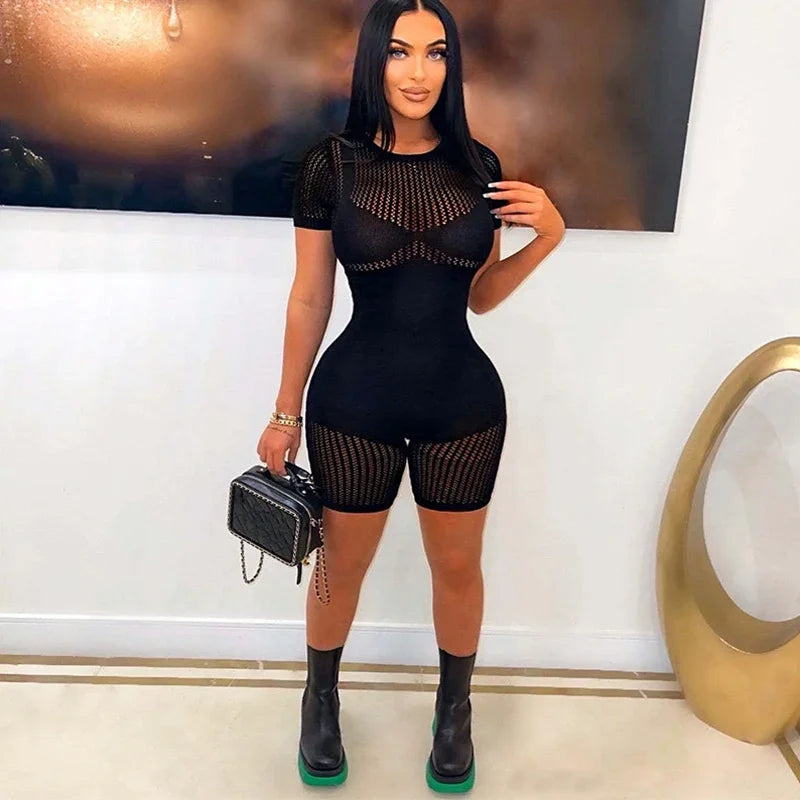 Sexy Fishnet Playsuit Hollow Out See Through Bodycon Sexy Slim fit Stretchy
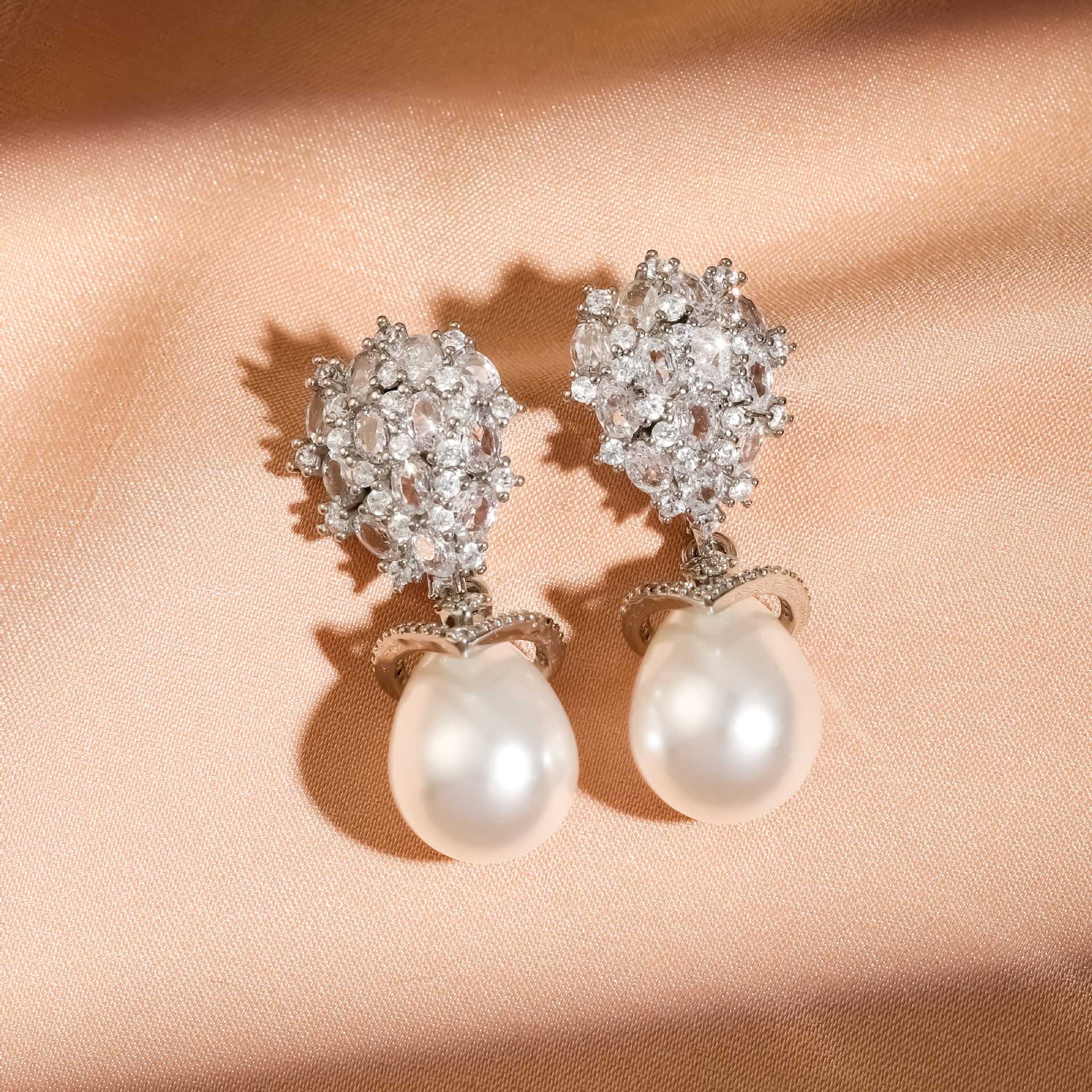 FEEHOW Stone inlay with zircon drop-shaped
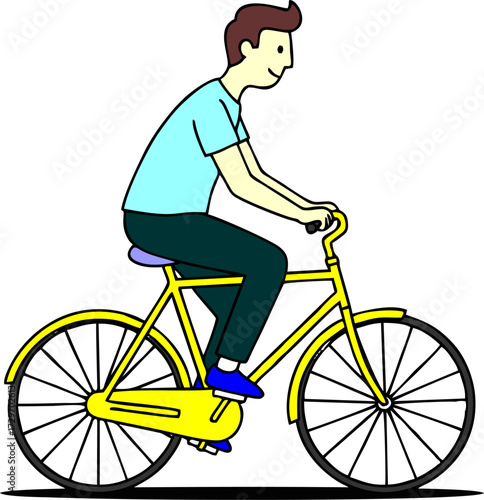 A simple illustration of a  man  riding a bicycle, on a white background.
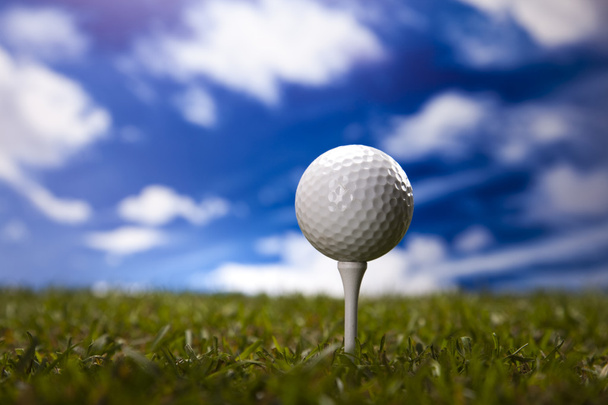 Bola de golfe no prado verde
 - Foto, Imagem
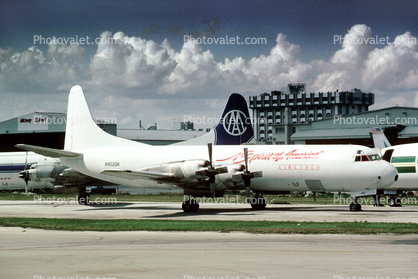 N402GN, Spirit of America Airlines, N402GN, Lockheed L-188CF Electra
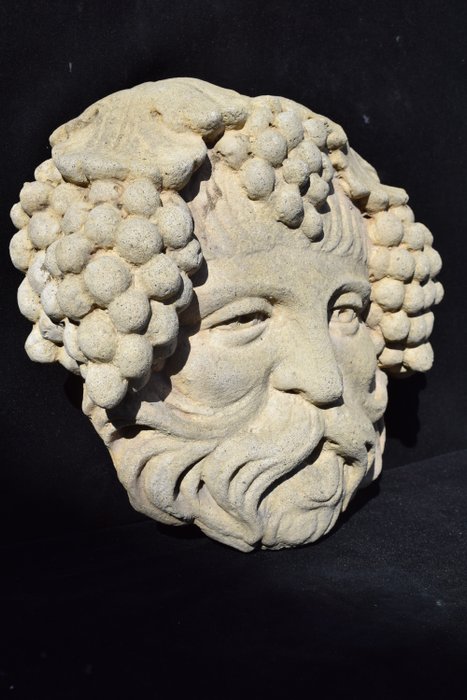 Skulptur, Mascherone di Bacco - 33 cm - Sandsten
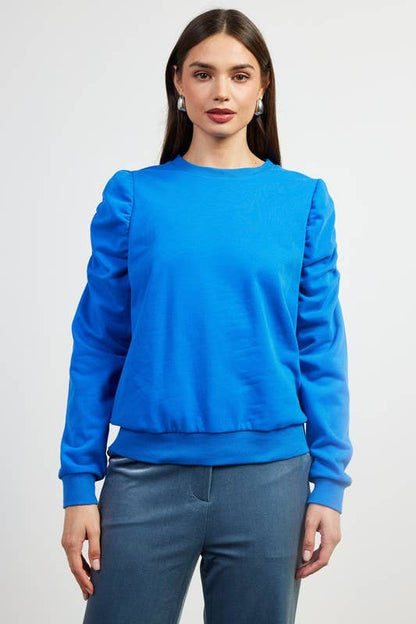 Ruched Sleeve Knit Top
: Cobalt / L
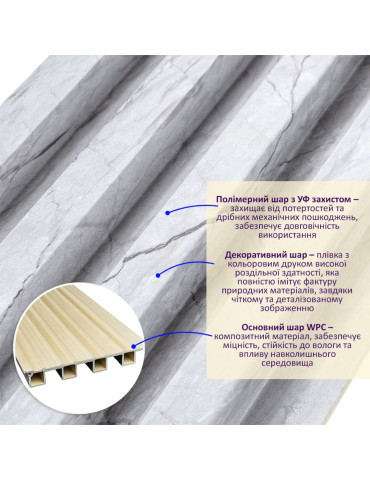 Рейка декоративна WPC стінова 3000х160х23мм Мармур SW-00001862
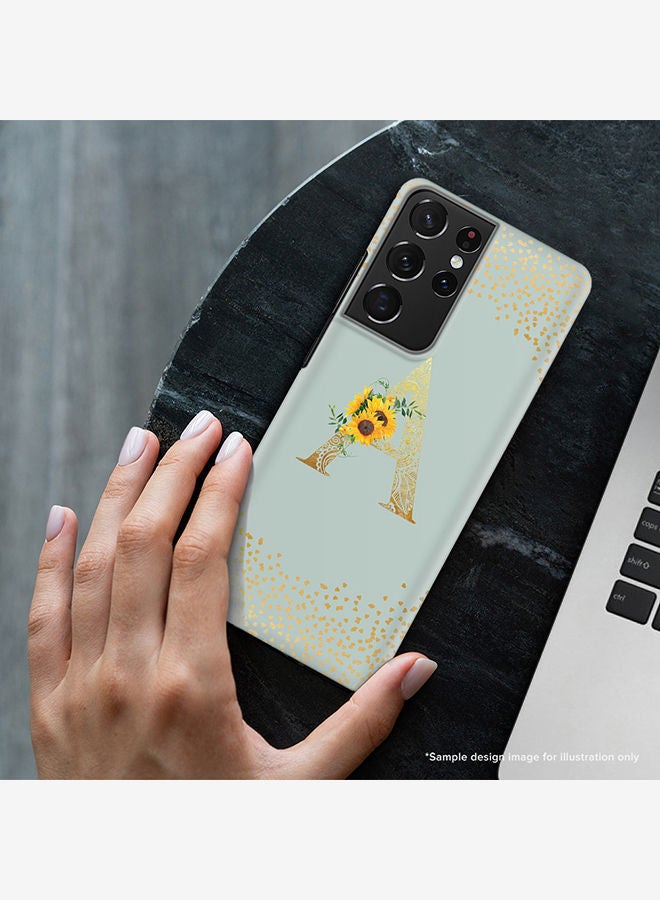Stylizedd Monogram Slim Cover for Samsung Galaxy S21 Ultra 5G Case Custom Initials Letter Floral Pattern Snap Series Mobile Cover Matte Alphabet  - B (Light Green) - Image 2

- _What needs to be done_
Please reproduce exactly, and nothing more, the lines from the one containing "N402GN, Spirit of" through the last line of the entries, both included; pictures stay out.

- _Response for this exercise_
 N402GN, Spirit of America Airlines, N402GN, Lockheed L-188CF Electra
 Skulptur, Mascherone di Bacco - 33 cm - Sandsten
 Ruched Sleeve Knit Top
: Cobalt / L
 Рейка декоративна WPC стінова 3000х160х23мм Мармур SW-00001862
Stylizedd Monogram Slim Cover for Samsung Galaxy S21 Ultra 5G Case Custom Initials Letter Floral Pattern Snap Series Mobile Cover Matte Alphabet  - B (Light Green) - Image 2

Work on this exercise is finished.